> **What the task requires**: Reprint all of the data below exactly as shown and skip every image.

[Brief descriptive captions]
# # # #
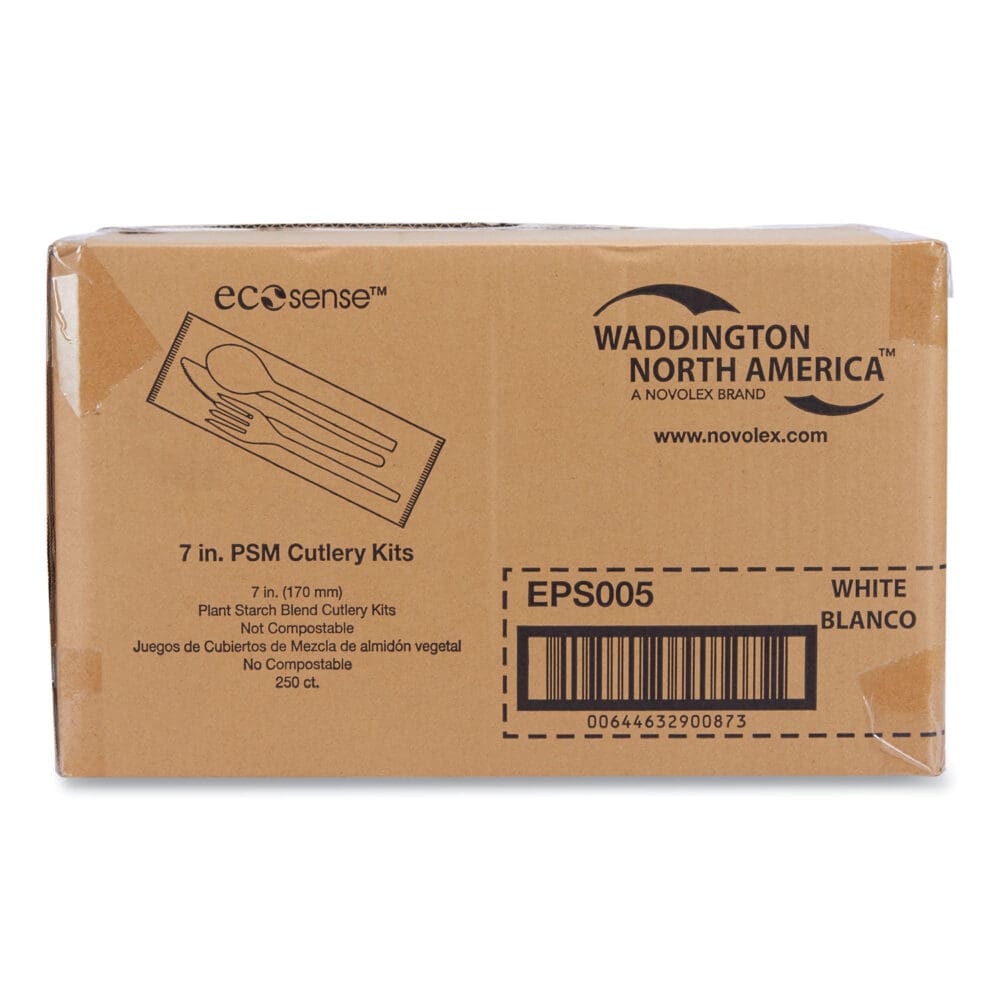 EcoSense Renewable PSM Wrapped Cutlery Kit, White, 250/Carton - Image 8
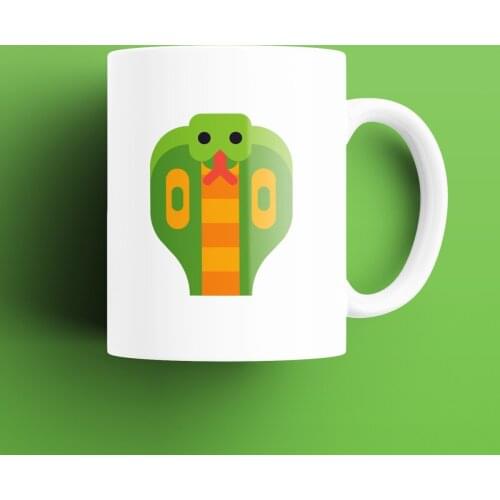 Snake Patterned, Printed White Mug Cup, Porcelain Raw Material, Handle, Gift Product, quality Mug and Printing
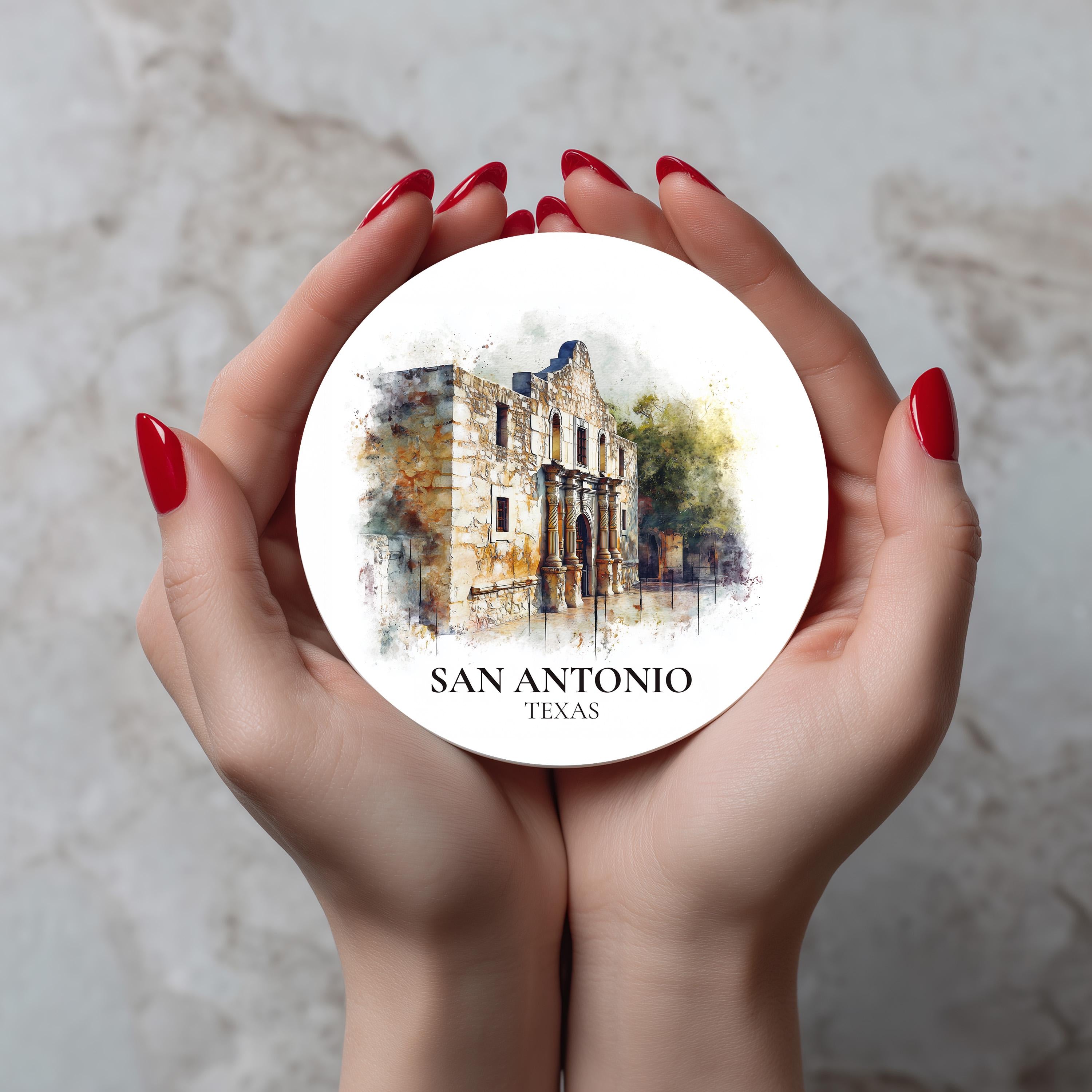 San Antonio Texas2 Coaster, Watercolor Personalized Painting, Travel Gift Souvenir, Home Decor, Ceramic Set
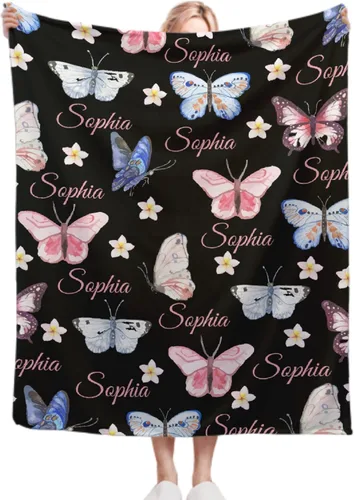 Vista 16 de Manta personalizada con nombre de mariposa, regalos personalizados para adultos, manta personalizada para hombres y mujeres, manta de franela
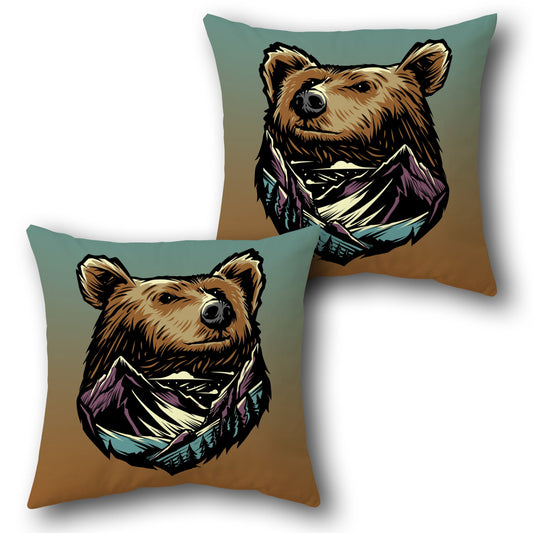 “Wilderness Bear” Scenic Adventure Throw  Cover  Design Cushion Single (Front & Back)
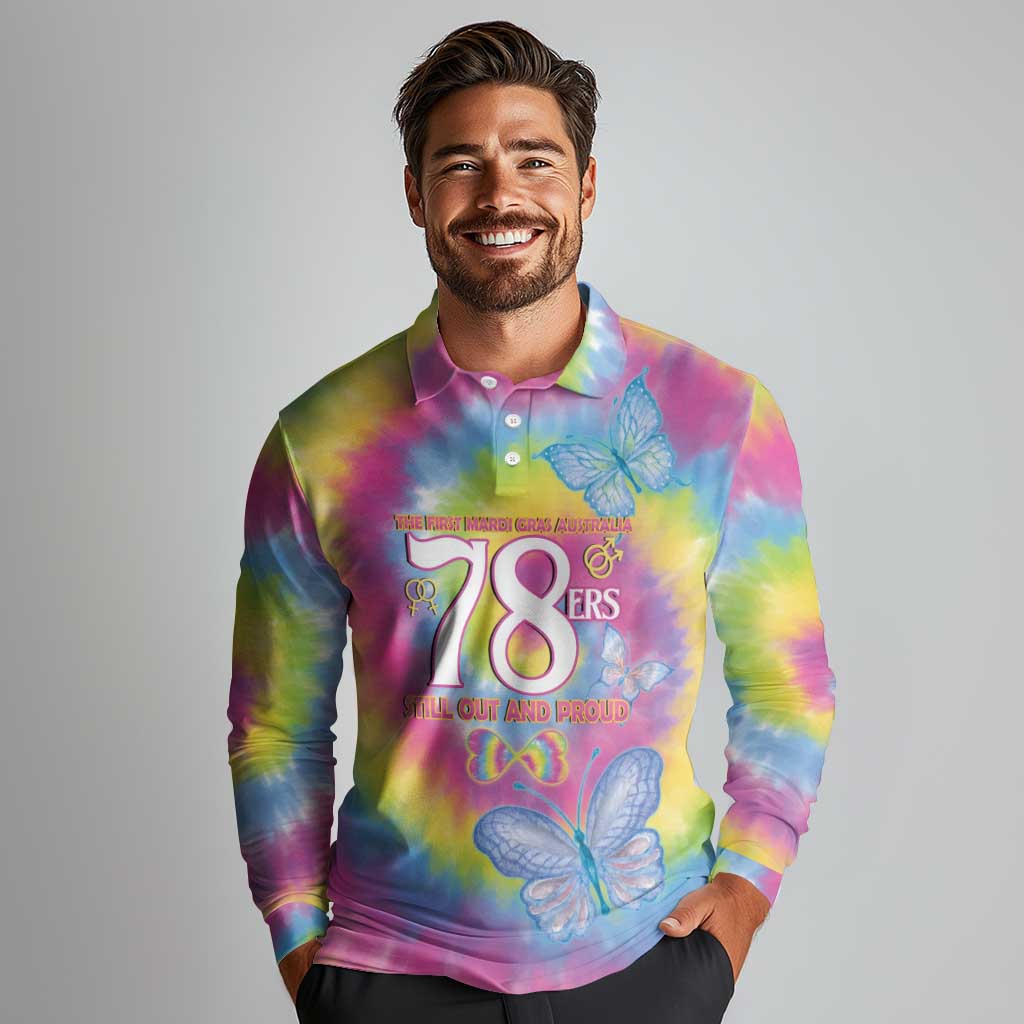 First Sydney Madri Gras Australia Long Sleeve Polo Shirt 78ers Still Out And Proud - Wonder Print Shop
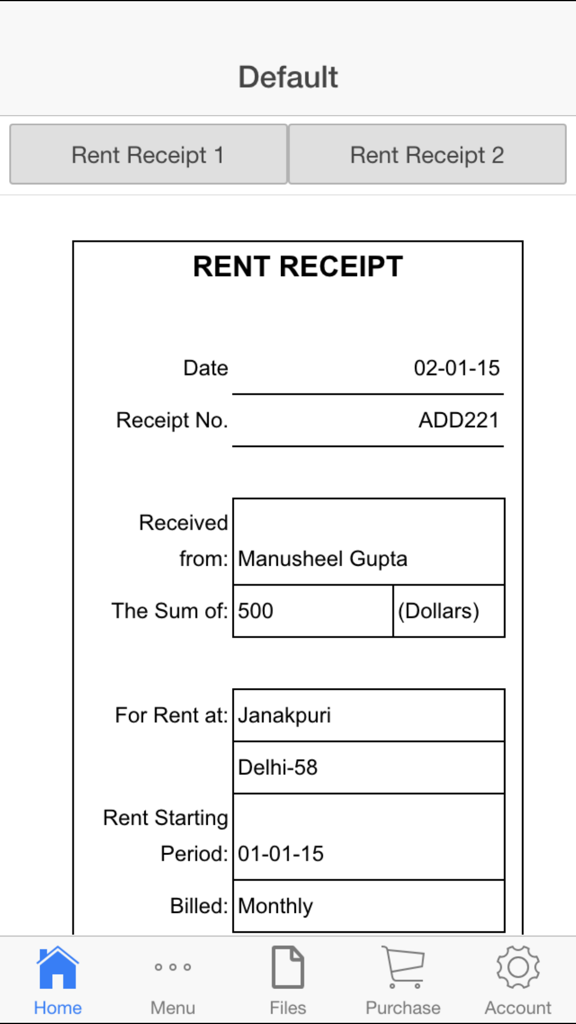 Rent Receipt - A digital rent receipt form within a mobile app showing payment information and tenant details.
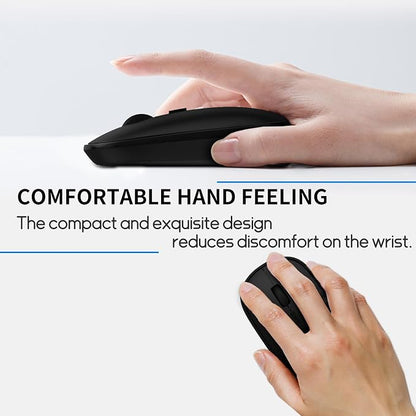 Small Wireless Mouse, Slim Mini Travel Mouse, Designed for Small Hands, Portable Computer mice with USB-A Receiver, Quiet Click, 2400 DPI, 2.4GHz Cordless Silent mice for Laptop, Chromebook, PC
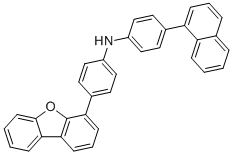4-(Dibenzo[b,d]furan-4-yl)-N-(4-(naphthalen-1-yl)phenyl)aniline 4-(二苯并[b,d]呋喃-4-基)-N-(4-(萘-1-基)苯基)苯胺分子结构 (CAS 2097371-73-6)
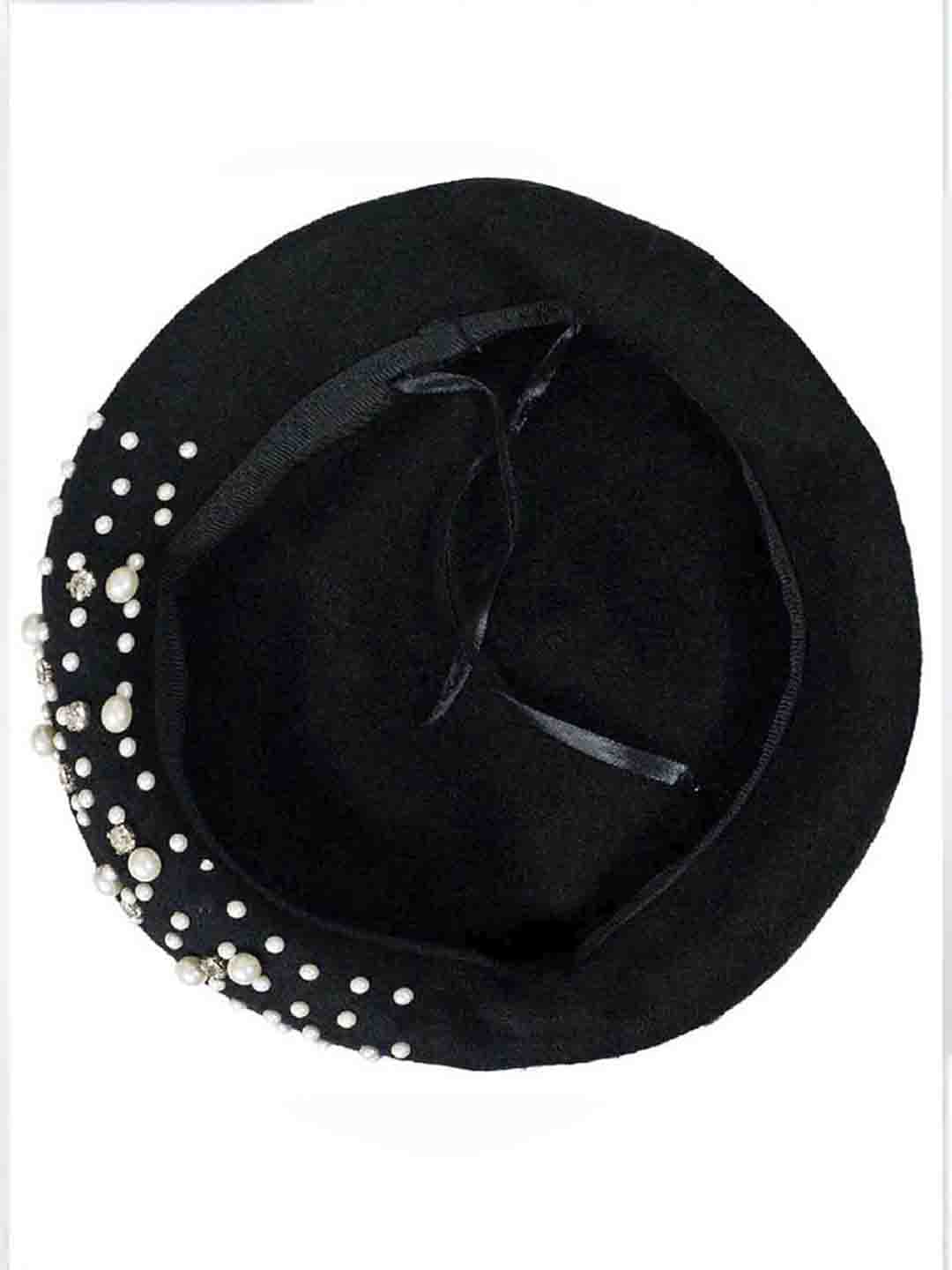 Black Beret with Pearls & Crystals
# # # #
> **Written answer**:
 EcoSense Renewable PSM Wrapped Cutlery Kit, White, 250/Carton - Image 8
 Snake Patterned, Printed White Mug Cup, Porcelain Raw Material, Handle, Gift Product, quality Mug and Printing
 San Antonio Texas2 Coaster, Watercolor Personalized Painting, Travel Gift Souvenir, Home Decor, Ceramic Set
 Vista 16 de Manta personalizada con nombre de mariposa, regalos personalizados para adultos, manta personalizada para hombres y mujeres, manta de franela
 “Wilderness Bear” Scenic Adventure Throw  Cover  Design Cushion Single (Front & Back)
 First Sydney Madri Gras Australia Long Sleeve Polo Shirt 78ers Still Out And Proud - Wonder Print Shop
 Rent Receipt - A digital rent receipt form within a mobile app showing payment information and tenant details.
 Small Wireless Mouse, Slim Mini Travel Mouse, Designed for Small Hands, Portable Computer mice with USB-A Receiver, Quiet Click, 2400 DPI, 2.4GHz Cordless Silent mice for Laptop, Chromebook, PC
4-(Dibenzo[b,d]furan-4-yl)-N-(4-(naphthalen-1-yl)phenyl)aniline 4-(二苯并[b,d]呋喃-4-基)-N-(4-(萘-1-基)苯基)苯胺分子结构 (CAS 2097371-73-6)
 Black Beret with Pearls & Crystals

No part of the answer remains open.